La décision de la Commission soulève d’autant plus d’interrogations qu’elle semble s’inscrire dans une tendance plus large : celle de faire porter la responsabilité non plus aux sites, mais aux infrastructures techniques elles-mêmes. Dans la même liste, on retrouve Njalla, un service de protection d’identité pour noms de domaine, fondé par l’un des créateurs de The Pirate Bay. Accusé de fournir un service clé en main pour créer un site pirate, Njalla rejette cette étiquette, rappelant qu’il ne fait qu’enregistrer des domaines à la demande de ses clients.

En inscrivant des outils comme IPFS ou Njalla sur sa liste noire, l’Union européenne prend le risque de créer un précédent. Où s’arrête la logique ? Faut-il inscrire GitHub si du code malveillant y circule ? Ou les fournisseurs de VPN qui permettent de contourner des blocages ? L’enjeu n’est pas de nier l’existence du piratage, ni de minimiser son impact sur les ayants droit, mais de rester lucide sur ce qu’on attend – ou non – des technologies ouvertes.

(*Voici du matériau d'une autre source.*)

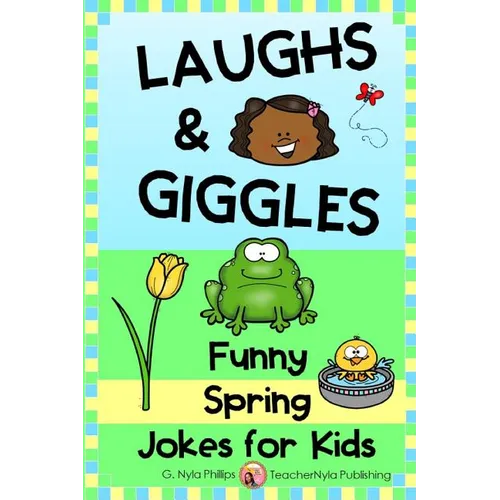 Laughs & Giggles: Funny Spring Jokes for Kids - Paperback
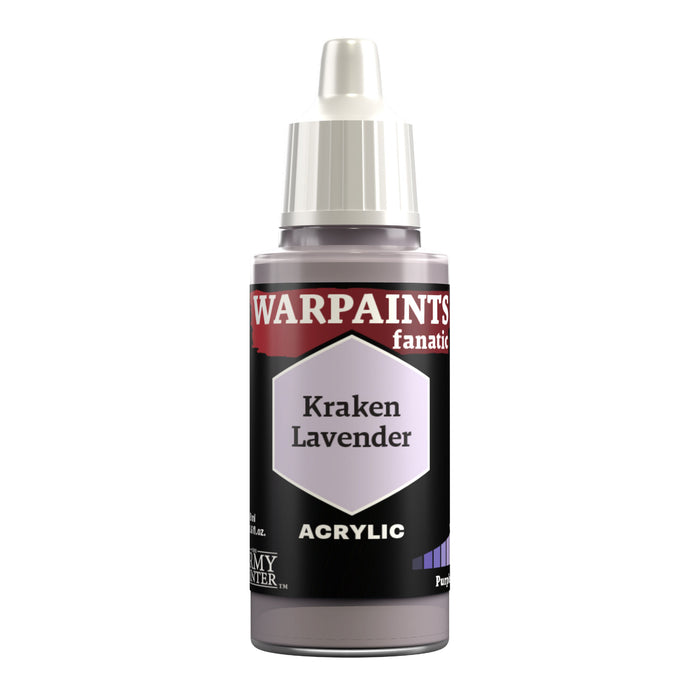 Warpaints Fanatic: Kraken Lavender 18ml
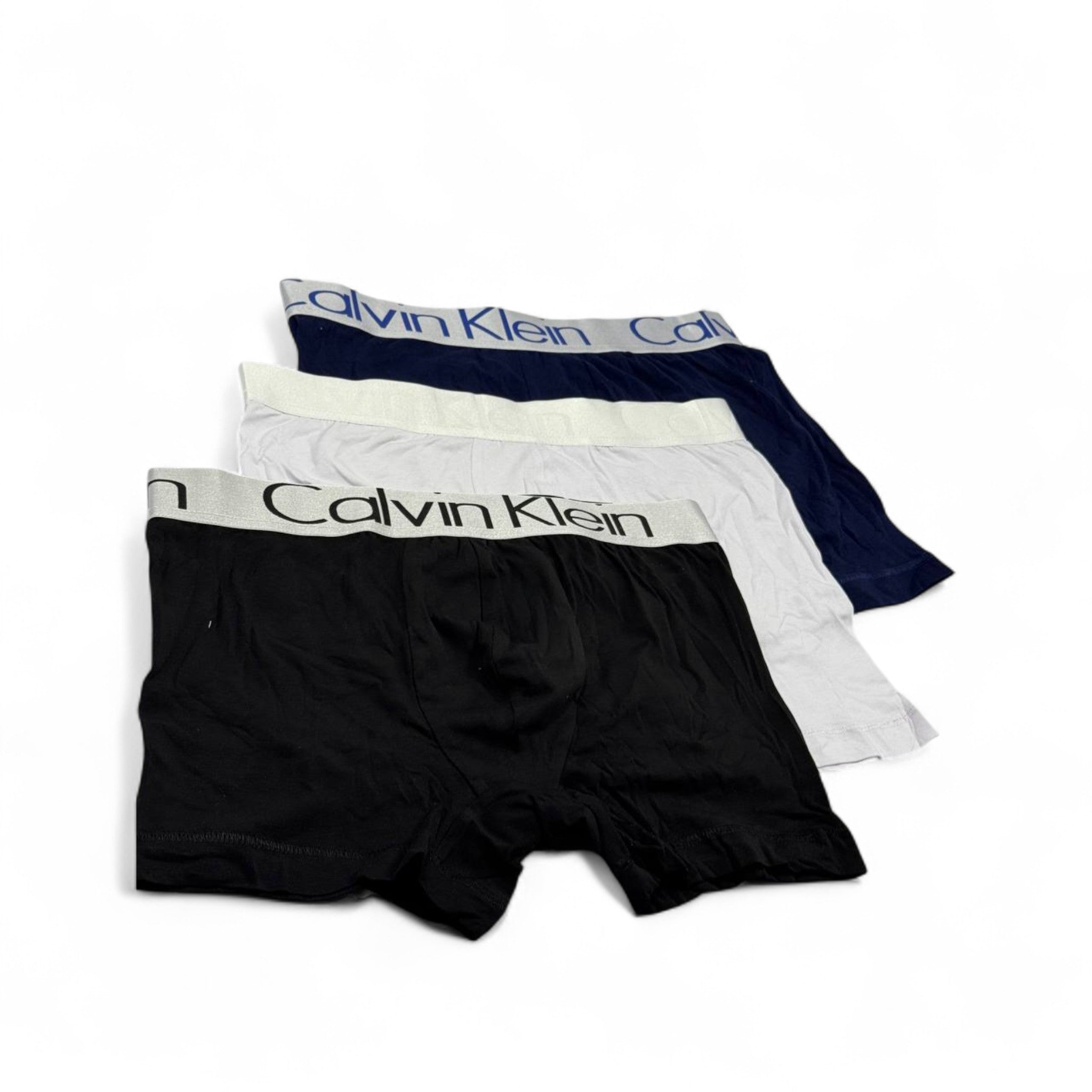 Calvin Klein Boxer Briefs – 3-Pack Timeless Comfort Set 🩲✨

Or, si l’on commence à classifier les technos selon les usages qui en sont faits, on risque d’ouvrir une boîte de Pandore. D’autres protocoles pourraient à leur tour être stigmatisés, malgré leurs usages parfaitement légitimes. Et au nom de la lutte contre le piratage, c’est l’ensemble de l’écosystème du web décentralisé qui pourrait être fragilisé.

La vigilance contre les abus est indispensable. Mais en visant IPFS, la Commission européenne prend le risque de brouiller la frontière entre l’outil et son utilisation, entre la technologie et la responsabilité individuelle. Une démarche qui mérite, au minimum, un débat plus large.